Os preços mais baixos de produtos de que o Brasil depende, como alimentos e petróleo, estão reduzindo a receita com exportações, explica Oliveira. O diferencial de juros, por sua vez, é a diferença entre quanto os títulos brasileiro pagam aos investidores e o que é pago pelos títulos americanos – essa distância está hoje nos menores patamares já registrados, o que torna a aplicação no Brasil menos vantajosa em relação a países mais seguros e intensifica ainda mais a fuga de capitais.
A taxa de câmbio real é uma maneira de olhar para as cotações do passado e ter uma ideia melhor do quanto elas valeriam hoje, considerado o poder de compra atual nos dois países que se quer comparar. Com isso, ela também dá uma ideia melhor de qual era o real custo e atratividade do país do ponto de vista dos estrangeiros na época, já que a taxa de câmbio nada mais é do que um termômetro da entrada e saída de capitais de um país.
Para chegar ao valor atualizado, a conta da taxa de câmbio real leva em consideração a inflação acumulada no período tanto no Brasil, para quem compra em reais, quanto nos Estados Unidos, para quem compra em dólares. “As coisas ficaram um pouco mais caras no Estados Unidos nesse período, mas ficaram muito mais caras no Brasil, e é daí que vem a diferença da taxa de câmbio real”, explica Oliveira.

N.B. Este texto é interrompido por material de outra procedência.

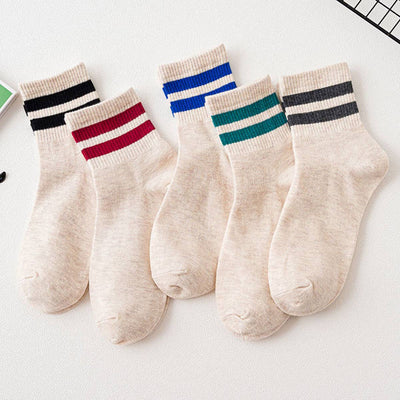 Stripe Cotton Mid Socks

Desde 2000, mostra o levantamento, a inflação acumulada nos EUA foi de 53%, enquanto, no Brasil, subiu 234%.
Em setembro de 2002, por exemplo, data real do recorde do dólar, US$ 1 era cotado, em média, a R$ 3,34, nos valores da época. Só que os preços subiram nos dois lugares, e, se US$ 1 compra menos coisas nos EUA agora, R$ 3,34 compram ainda menos coisas no Brasil. É por isso que, hoje, seriam necessários mais reais – R$ 7,64, na cotação já reajustada – para comprar as mesmas coisas que, em 2002, custavam US$ 1 lá fora.